> _WHAT IS NEEDED_: Reproduce the whole listing, keeping every character the same.

> _DATA SEGMENT_:

***

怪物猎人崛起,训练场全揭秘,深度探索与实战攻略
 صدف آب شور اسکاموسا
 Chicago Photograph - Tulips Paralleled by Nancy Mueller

***

> _EXERCISE RESPONSE_:
怪物猎人崛起,训练场全揭秘,深度探索与实战攻略
 صدف آب شور اسکاموسا
 Chicago Photograph - Tulips Paralleled by Nancy Mueller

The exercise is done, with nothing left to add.